Reading Lolita in Tehran Review

By | January 4, 2012

Reading Lolita in Tehran
By: Azar Nafisi

Paige’s Rating: (1) of 5
Recommended for: History- Non-Fiction Readers

Every Thursday morning for two years in the Islamic Republic of Iran, a bold and inspired teacher named Azar Nafisi secretly gathered seven of her most committed female students to read forbidden Western classics. As Islamic morality squads staged arbitrary raids in Tehran and fundamentalists seized hold of the universities, the girls in Azar Nafisi’s living room risked removing their veils and immersed themselves in the worlds of Jane Austen, F. Scott Fitzgerald, Henry James, and Vladimir Nabokov. 

I really love literature as well as culture, so when I saw this book just hanging out on the shelf of a friend, I slipped it into my bag only to later say, “By the way, I grabbed a book to read.” I was excited for this one, but it ended up being a big let-down.

Nafisi, who was a college literature professor, begins the book by attempting to give the reader an image of the young student women who came to her house to secretly study literature, and attempts to show the reader how these women held quite different in religious, political and even social views. However, I found that Nafisi’s imagery got lost in other tangents and so the students instead seemed indistinguishable to me.

But the reason I really wanted to read the book was because I wanted a glimpse into Iran during and after the revolution. Yet even these events are very disjointed as Nafisi jumped from the present regime to flashback into the past and even sometimes flashes forward into a different time in her flashbacks. In what could have been a wonderful opportunity to highlight the Iranian Revolution and the effects it had on university life, instead became a jumbled time line of protest events, problematic students, bombings and reading in her living room.

At least the author gives us a plot that is interesting to read about, even if we are a bit lost and uninterested, right? No, not so much. I found myself asking what the plot was exactly. While Nafisi does share some stories of her students, the book essentially has two plots: one in which she clearly boasts about her knowledge of Western Literature, and one in which she laments about the difficulties arising from living in Iran with such a modern mind.

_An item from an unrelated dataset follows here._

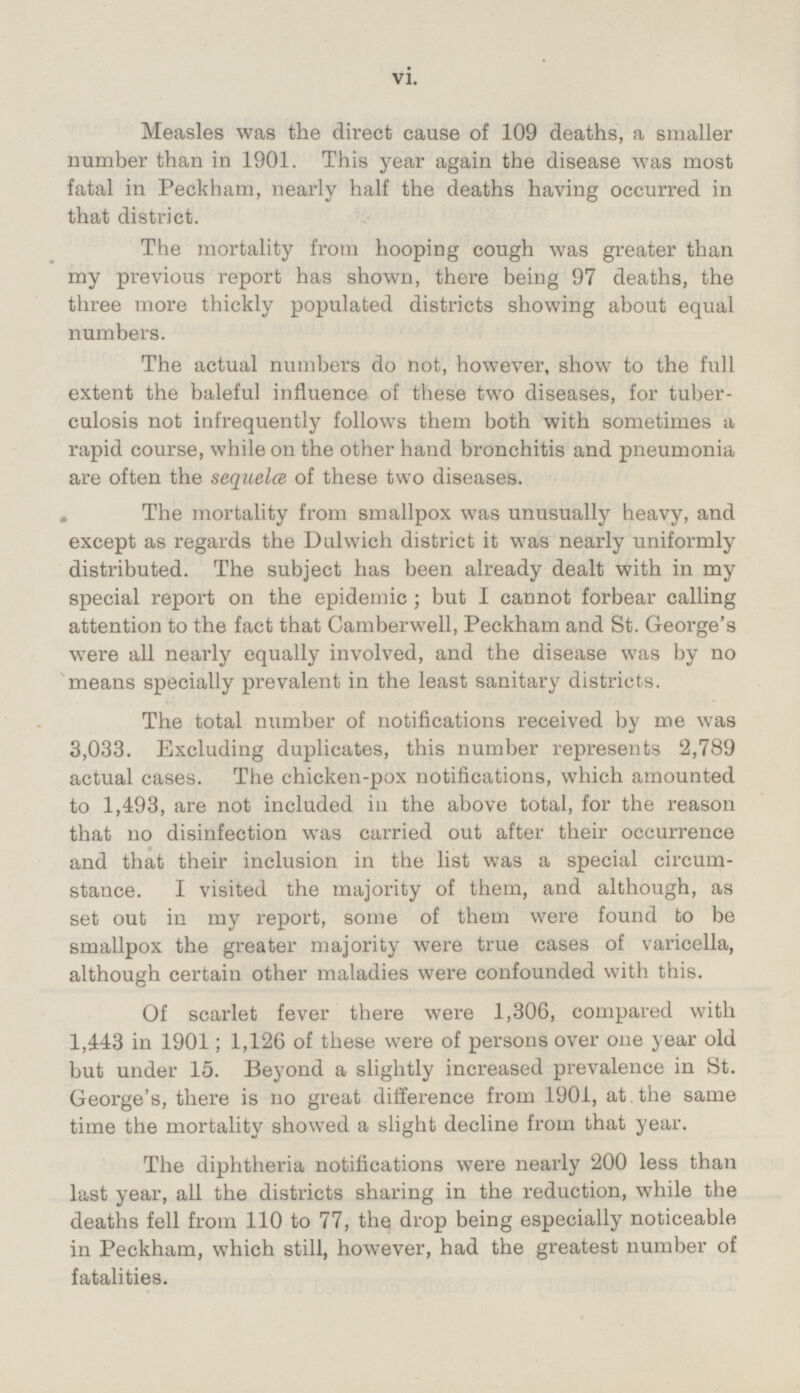 Measles was the direct cause of 109 deaths, a smaller number than in 1901. This year again the disease was most fatal in Peckham, nearly half the deaths having occurred in that district. The mortality from hooping cough was greater than my previous report has shown, there being 97 deaths, the three more thickly populated districts showing about equal numbers. The actual numbers do not, however, show to the full extent the baleful influence of these two diseases, for tuberculosis not infrequently follows them both with sometimes a rapid course, while on the other hand bronchitis and pneumonia are often the sequela of these two diseases. The mortality from smallpox was unusually heavy, and except as regards the Dulwich district it was nearly uniformly distributed. The subject has been already dealt with in my special report on the epidemic; but I cannot forbear calling attention to the fact that Camberwell, Peckham and St. George's were all nearly equally involved, and the disease was by no means specially prevalent in the least sanitary districts. The total number of notifications received by me was 3,033. Excluding duplicates, this number represents 2,789 actual cases. The chicken-pox notifications, which amounted to 1,493, are not included in the above total, for the reason that no disinfection was carried out after their occurrence and that their inclusion in the list was a special circumstance. I visited the majority of them, and although, as set out in my report, some of them were found to be smallpox the greater majority were true cases of varicella, although certain other maladies were confounded with this. Of scarlet fever there were 1,306, compared with 1,443 in 1901; 1,126 of these were of persons over one year old but under 15. Beyond a slightly increased prevalence in St. George's, there is no great difference from 1901, at . the same time the mortality showed a slight decline from that year. The diphtheria notifications were nearly 200 less than last year, all the districts sharing in the reduction, while the deaths fell from 110 to 77, the drop being especially noticeable in Peckham, which still, however, had the greatest number of fatalities.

Both these underlying, and yet perhaps they are the main, plots fail the reader. Nafisi talks about the books studied in her classes and expects the reader to have a working academic knowledge of them as well. Some of her analysis of the literature seems to be too deep and complex for the purpose it is serving in the novel, which is… well I think it was supposed to be to show a connection between Western Literature and Iranian life. And so with the Western Literature being taught to the readers, some refuge for the reader might be taken in the comparison to Iranian life. But the author again doesn’t describe this well and when she does, Nafisi is continual writing of herself and the hardships she faces with teaching narrow-minded students and the problems of being an independent woman in a male-dominated society. Her tone is one that is so whiney and egocentric, that I really wanted to give up on reading the book.

This book. The characters are basically faceless Iranian women who have stories to share but none of those stories are as important as the incessant crying of the author’s inability to save her faceless students mentally and physically from an oppressive regime. Instead, the author focuses on drawing out our pity for her situation and yet our awe in her ability to know so much about a single piece of literature. All of this is written in time that jumps forward and backward. Reading Lolita in Tehran is probably about as painful as actually reading Lolita in Tehran. My advice is skip it, really.